"N’achetez pas sur un coup de tête mais prenez le temps de la réflexion", conseille le professeur Xavier Bellekens.

Encore trop souvent, les sociétés qui mettent des appareils connectés sur le marché ne pensent que trop tardivement à leur sécurité. Ce qui les rend vulnérables aux attaques informatiques. À l’inverse des voitures, pour lesquelles la sécurité est pensée dès le départ, les objets connectés sont d’abord imaginés pour ce qu’ils feront. On n’y ajoute souvent le volet sécurité informatique qu’à la fin. "C’est comme ajouter vingt étages à une tour de cent étages, déplore le professeur Bellekens. Si les fondations n’ont pas été prévues pour, les tours risquent de s’effondrer."

Le professeur belge édicte donc dix conseils pour mieux assurer la sécurité de ces objets afin d’éviter notamment d’être ensuite victimes de cambriolages, voire de pillages de comptes bancaires. Avec un mot d’ordre : "N’achetez pas sur un coup de tête mais prenez le temps de la réflexion."

1. Avant d’acheter, demandez-vous si vous avez réellement besoin d’un objet connecté. Si pas, autant vous tourner vers un autre appareil du même type non connecté.

2. Lisez bien la description du produit. Et renseignez-vous pour savoir si la société qui le met sur le marché a déjà été ciblée par des attaques par le passé.

3. Regardez quelles sont les connexions (bluetooth, wi-fi…) dont ont besoin les objets et pour quel usage ? Une fois celles-ci inventoriées, sécurisez-les avec des mots de passe quand c’est possible.

4. Ne livrez pas de données personnelles inutiles. Si l’application demande votre adresse ou votre date de naissance, méfiez-vous. Et renseignez plutôt des infos plausibles mais volontairement erronées pour éviter que vos vraies données personnelles fuitent sur le Net. "Il faut noyer le poisson pour rendre la tâche du hackeur plus compliquée et le dissuader de s’attaquer à vous."

5. Lors de l’achat d’un objet connecté, changez directement son mot de passe. Certains constructeurs ont des usernames et des mots de passe préformatés. Une fois qu’un hackeur a trouvé la clef pour l’un, il peut facilement s’attaquer aux autres.

6. Favorisez les objets nécessitant une double authentification. Celles, par exemple, où un mot de passe temporaire vous sera envoyé une fois un premier mot de passe introduit. Cela rend plus compliquée la tâche du hackeur.

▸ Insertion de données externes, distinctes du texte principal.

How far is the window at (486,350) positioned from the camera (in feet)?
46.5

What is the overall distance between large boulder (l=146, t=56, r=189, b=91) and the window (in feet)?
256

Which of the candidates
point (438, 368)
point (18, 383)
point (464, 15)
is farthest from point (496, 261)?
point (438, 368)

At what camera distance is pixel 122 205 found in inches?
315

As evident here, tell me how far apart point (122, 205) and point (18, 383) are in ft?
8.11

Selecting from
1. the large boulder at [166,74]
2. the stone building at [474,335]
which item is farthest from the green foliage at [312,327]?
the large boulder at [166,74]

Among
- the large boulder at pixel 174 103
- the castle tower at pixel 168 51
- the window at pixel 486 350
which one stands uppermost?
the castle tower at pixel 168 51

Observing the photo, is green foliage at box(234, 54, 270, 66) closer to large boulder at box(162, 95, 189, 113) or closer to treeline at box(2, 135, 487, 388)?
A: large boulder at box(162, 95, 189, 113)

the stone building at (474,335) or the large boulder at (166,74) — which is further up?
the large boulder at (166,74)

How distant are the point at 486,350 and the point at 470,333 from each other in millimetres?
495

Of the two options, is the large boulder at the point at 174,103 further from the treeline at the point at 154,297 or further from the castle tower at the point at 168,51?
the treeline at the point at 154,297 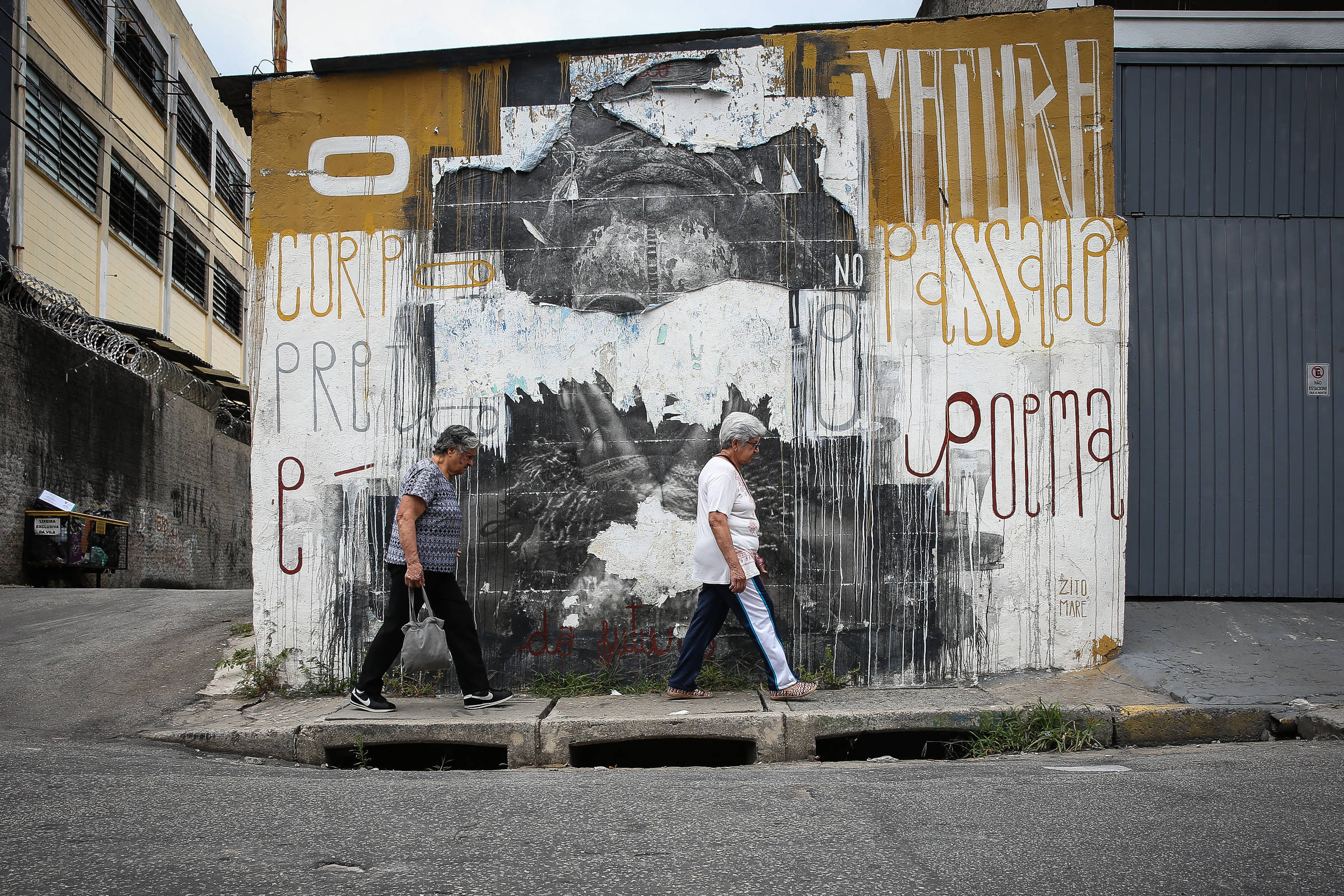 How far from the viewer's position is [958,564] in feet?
19.5

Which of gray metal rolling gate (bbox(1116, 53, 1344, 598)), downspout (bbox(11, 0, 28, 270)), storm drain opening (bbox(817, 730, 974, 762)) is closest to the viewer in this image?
storm drain opening (bbox(817, 730, 974, 762))

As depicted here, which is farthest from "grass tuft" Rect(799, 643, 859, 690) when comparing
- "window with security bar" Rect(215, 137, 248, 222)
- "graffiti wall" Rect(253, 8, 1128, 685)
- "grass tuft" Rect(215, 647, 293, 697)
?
"window with security bar" Rect(215, 137, 248, 222)

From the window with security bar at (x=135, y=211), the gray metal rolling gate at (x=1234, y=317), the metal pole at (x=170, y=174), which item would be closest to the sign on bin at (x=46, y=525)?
the window with security bar at (x=135, y=211)

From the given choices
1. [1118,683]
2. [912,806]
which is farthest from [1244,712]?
[912,806]

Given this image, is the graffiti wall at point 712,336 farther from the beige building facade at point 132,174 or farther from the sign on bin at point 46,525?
the sign on bin at point 46,525

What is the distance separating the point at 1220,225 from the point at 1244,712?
340 centimetres

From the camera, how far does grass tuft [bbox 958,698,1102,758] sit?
488 cm

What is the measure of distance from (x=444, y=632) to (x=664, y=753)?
4.58ft

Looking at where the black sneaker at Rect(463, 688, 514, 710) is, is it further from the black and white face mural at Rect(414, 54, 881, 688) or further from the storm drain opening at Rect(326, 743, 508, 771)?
the black and white face mural at Rect(414, 54, 881, 688)

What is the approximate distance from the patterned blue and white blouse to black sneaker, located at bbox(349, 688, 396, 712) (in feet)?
2.50

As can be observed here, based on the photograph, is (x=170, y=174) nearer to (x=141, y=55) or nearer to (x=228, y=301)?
(x=141, y=55)

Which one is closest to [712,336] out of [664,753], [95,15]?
[664,753]

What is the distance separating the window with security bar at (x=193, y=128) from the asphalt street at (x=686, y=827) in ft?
66.1

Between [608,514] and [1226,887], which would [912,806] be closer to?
[1226,887] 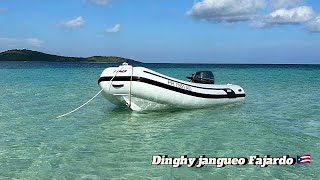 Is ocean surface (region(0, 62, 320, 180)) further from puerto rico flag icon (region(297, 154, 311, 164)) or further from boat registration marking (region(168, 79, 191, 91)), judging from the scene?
boat registration marking (region(168, 79, 191, 91))

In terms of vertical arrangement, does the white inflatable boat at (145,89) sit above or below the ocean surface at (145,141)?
above

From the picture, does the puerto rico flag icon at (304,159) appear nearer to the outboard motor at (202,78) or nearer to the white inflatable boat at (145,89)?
the white inflatable boat at (145,89)

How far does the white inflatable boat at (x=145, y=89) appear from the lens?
1358 centimetres

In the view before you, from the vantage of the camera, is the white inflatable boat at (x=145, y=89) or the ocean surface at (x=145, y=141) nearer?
the ocean surface at (x=145, y=141)

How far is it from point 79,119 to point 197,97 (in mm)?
4668

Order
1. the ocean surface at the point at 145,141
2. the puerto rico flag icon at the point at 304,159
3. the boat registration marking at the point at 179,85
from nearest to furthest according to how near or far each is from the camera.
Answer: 1. the ocean surface at the point at 145,141
2. the puerto rico flag icon at the point at 304,159
3. the boat registration marking at the point at 179,85

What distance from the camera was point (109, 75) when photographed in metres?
13.8

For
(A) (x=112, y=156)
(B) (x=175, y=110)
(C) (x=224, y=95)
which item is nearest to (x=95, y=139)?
(A) (x=112, y=156)

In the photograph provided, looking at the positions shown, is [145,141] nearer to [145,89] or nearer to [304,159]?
[304,159]

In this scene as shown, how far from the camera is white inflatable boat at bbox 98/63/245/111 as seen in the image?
1358cm

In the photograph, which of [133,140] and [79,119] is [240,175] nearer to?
[133,140]

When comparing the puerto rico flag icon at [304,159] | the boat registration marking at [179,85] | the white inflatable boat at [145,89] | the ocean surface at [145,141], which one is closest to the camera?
the ocean surface at [145,141]

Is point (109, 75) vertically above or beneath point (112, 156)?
above

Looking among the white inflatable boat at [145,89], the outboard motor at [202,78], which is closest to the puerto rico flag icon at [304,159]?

7. Regardez si l’objet a besoin de se connecter ou non à une caméra ou à un micro. C’est forcément nécessaire pour une webcam, moins pour un cuiseur-vapeur…

8. Vérifiez si les connexions entre l’objet et le téléphone sont chiffrées. Cela complique en effet la tâche du hackeur.

9. Ne vous fiez pas aux prix. Si l’on se doute que les objets bas de gamme risquent d’être moins sécurisés, l’inverse n’est pas forcément vrai. Par le passé, des grandes marques ont aussi été piratées.

10. Vérifiez si des mises à jour son possible. Car ce n’est pas parce qu’un objet est sécurisé aujourd’hui qu’on ne trouvera pas une faille dans 5 ans. Si aucune mise à jour n’est possible, méfiez-vous.

Des logiciels permettant de se protéger des attaques extérieures

Preuve que les nouvelles technologies peuvent aussi avoir leurs inconvénients, le groupe Télénet vient de développer un outil, baptisé Safespot, qui permet de se protéger non seulement des virus mais également du phishing et du piratage. “Du smartphone jusqu’au babyphone, en passant par le réfrigérateur ou la sonnette, un seul de ces appareils connectés non protégés peut permettre à des cybercriminels d’avoir accès à tous les autres appareils auxquels on est connecté, précise-t-on chez Télénet. Une montre, une télévision ou un thermostat intelligent devient alors une porte d’entrée vers vos coordonnées bancaires.”

Le groupe propose dès lors un logiciel “à la pointe de la technologie” qui analyse le trafic en permanence “et bloque immédiatement toute tentative de connexion malvenue”.

Un outil qui a un coût relatif : 4,99 € par mois.